Data under study>
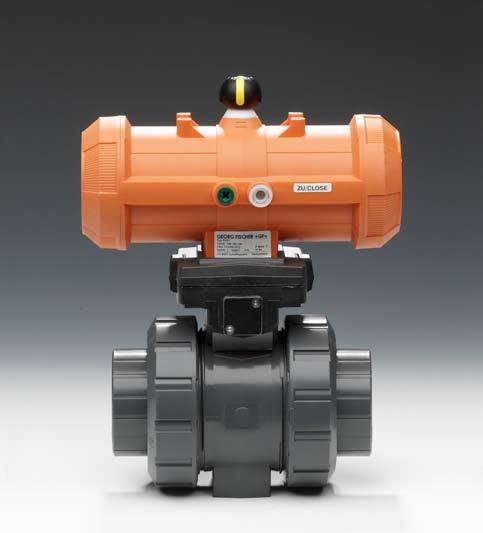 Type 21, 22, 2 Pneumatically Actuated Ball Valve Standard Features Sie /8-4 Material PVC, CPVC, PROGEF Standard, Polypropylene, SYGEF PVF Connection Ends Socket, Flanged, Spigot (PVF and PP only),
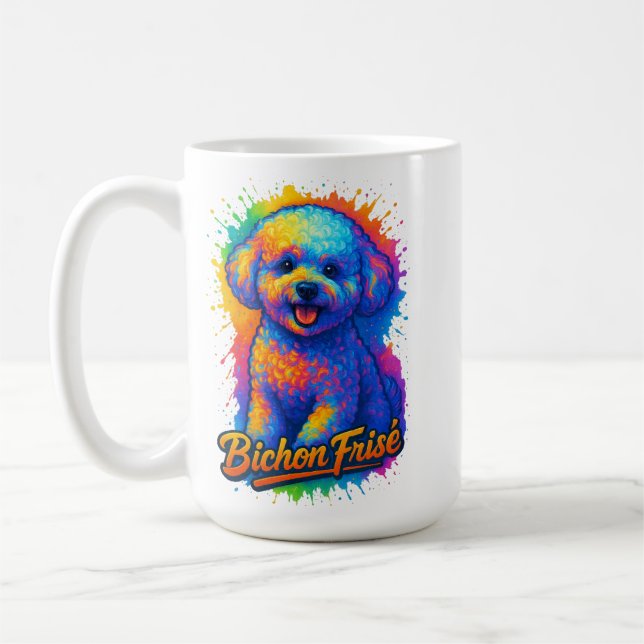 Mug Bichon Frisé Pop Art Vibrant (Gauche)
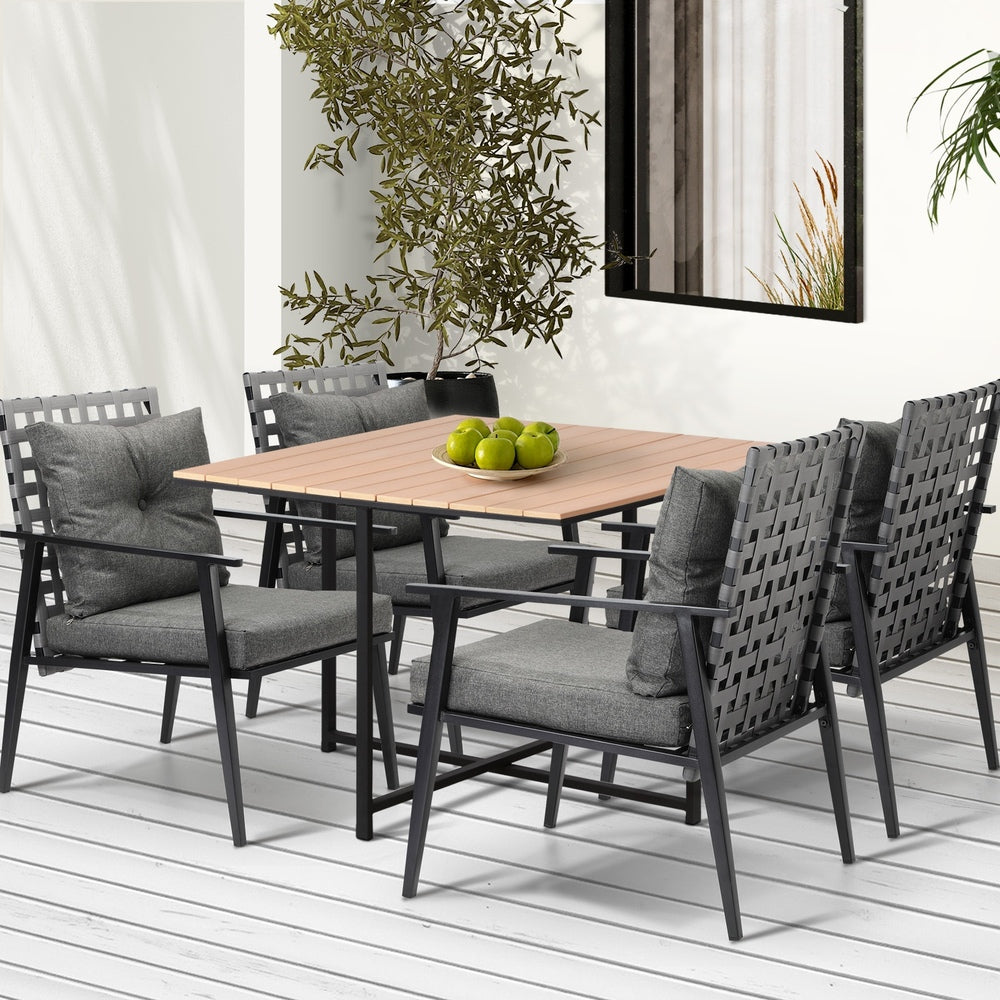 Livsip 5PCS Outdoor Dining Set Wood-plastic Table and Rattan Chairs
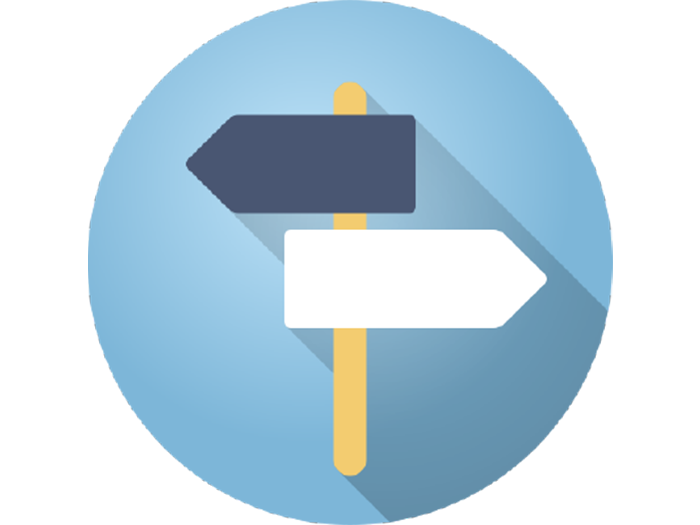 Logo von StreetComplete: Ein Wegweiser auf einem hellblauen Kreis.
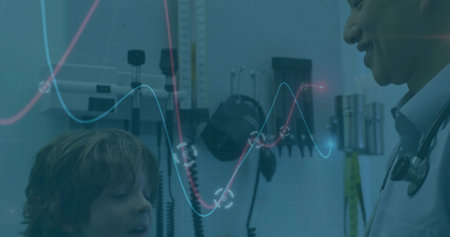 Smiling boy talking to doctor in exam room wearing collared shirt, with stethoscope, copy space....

---

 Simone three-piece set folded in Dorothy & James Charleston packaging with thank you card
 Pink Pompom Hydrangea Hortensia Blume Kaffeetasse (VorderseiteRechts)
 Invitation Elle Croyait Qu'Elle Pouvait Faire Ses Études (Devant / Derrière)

...

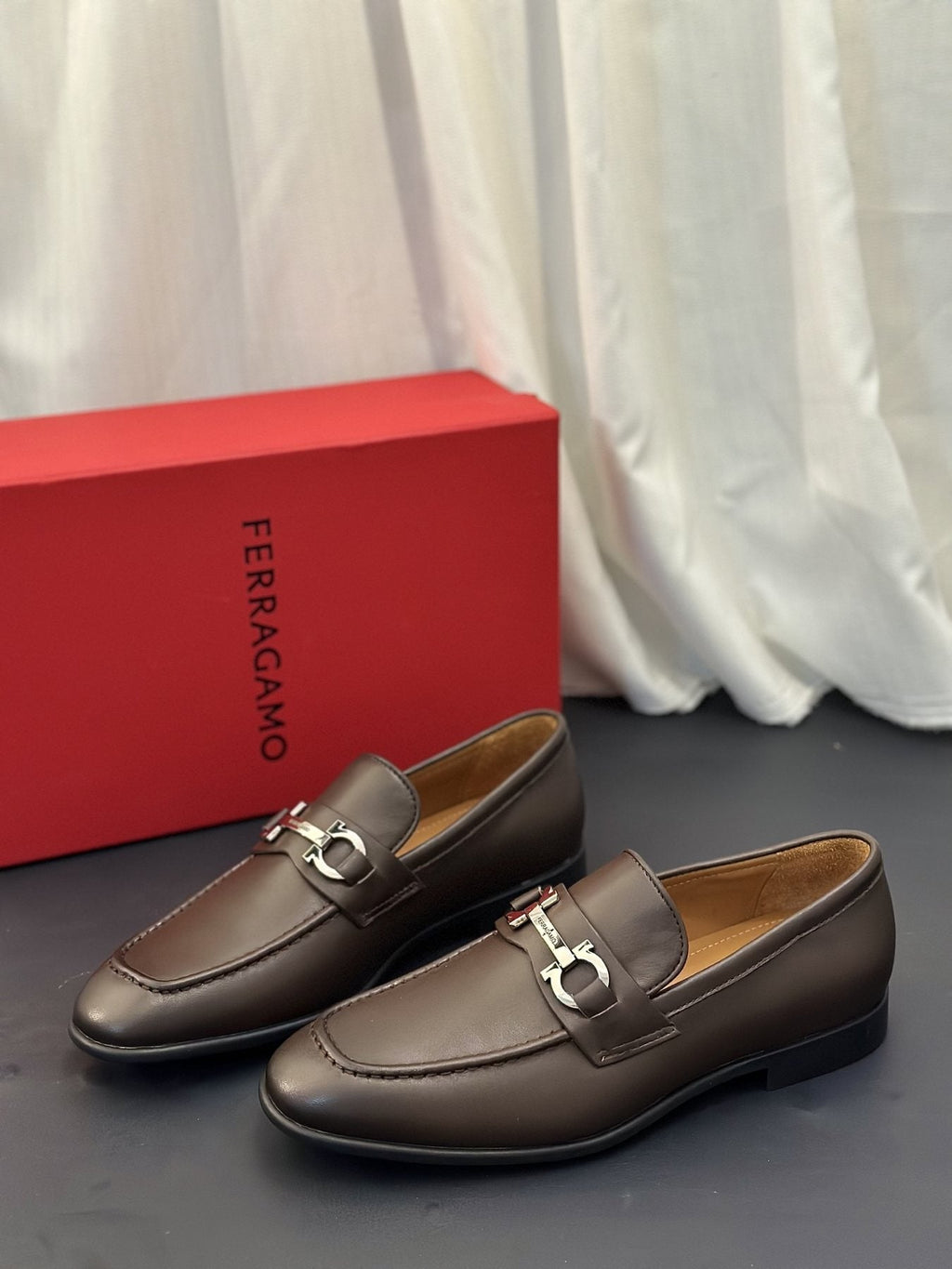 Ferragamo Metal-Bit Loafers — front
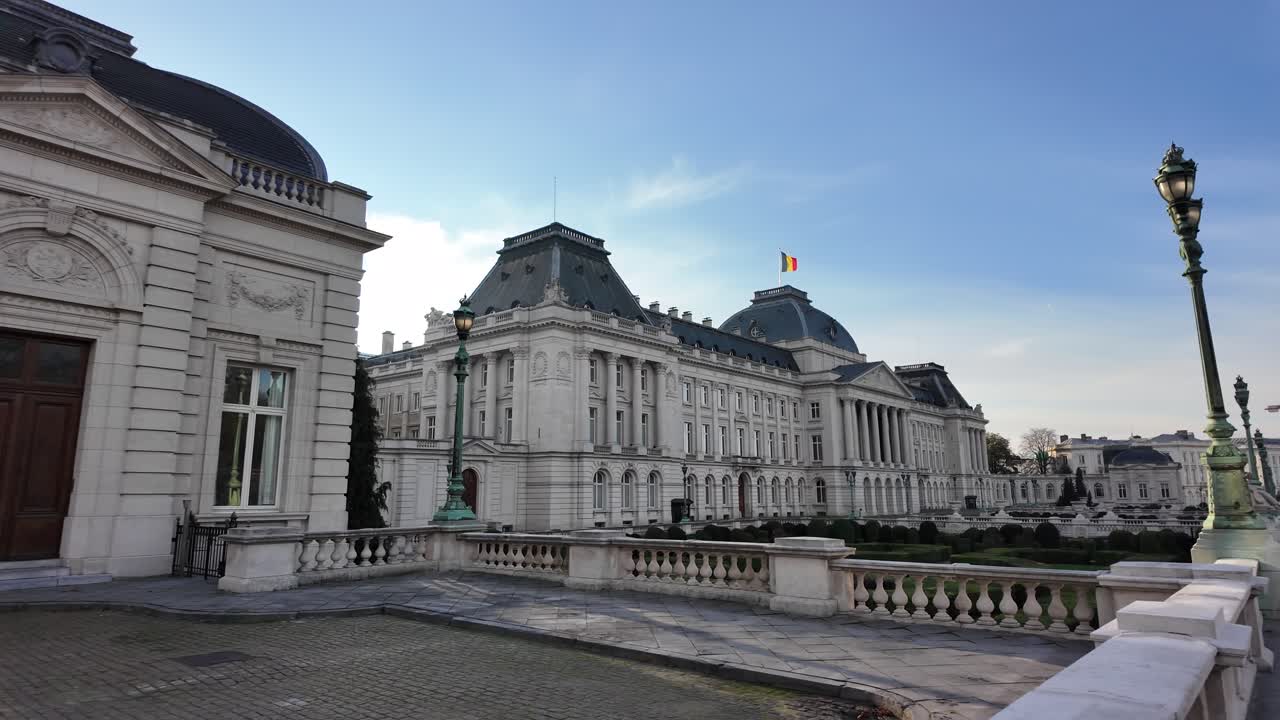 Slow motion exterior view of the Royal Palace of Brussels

To do> The result should be an exact copy of only the lines above from the one that holds "Type 21, 22, 2" through the one that holds "Smiling boy talking", both ends included, without pictures.

Exercise result>
 Type 21, 22, 2 Pneumatically Actuated Ball Valve Standard Features Sie /8-4 Material PVC, CPVC, PROGEF Standard, Polypropylene, SYGEF PVF Connection Ends Socket, Flanged, Spigot (PVF and PP only),
 Mug Bichon Frisé Pop Art Vibrant (Gauche)
 Livsip 5PCS Outdoor Dining Set Wood-plastic Table and Rattan Chairs
 Logo von StreetComplete: Ein Wegweiser auf einem hellblauen Kreis.
 Smiling boy talking to doctor in exam room wearing collared shirt, with stethoscope, copy space....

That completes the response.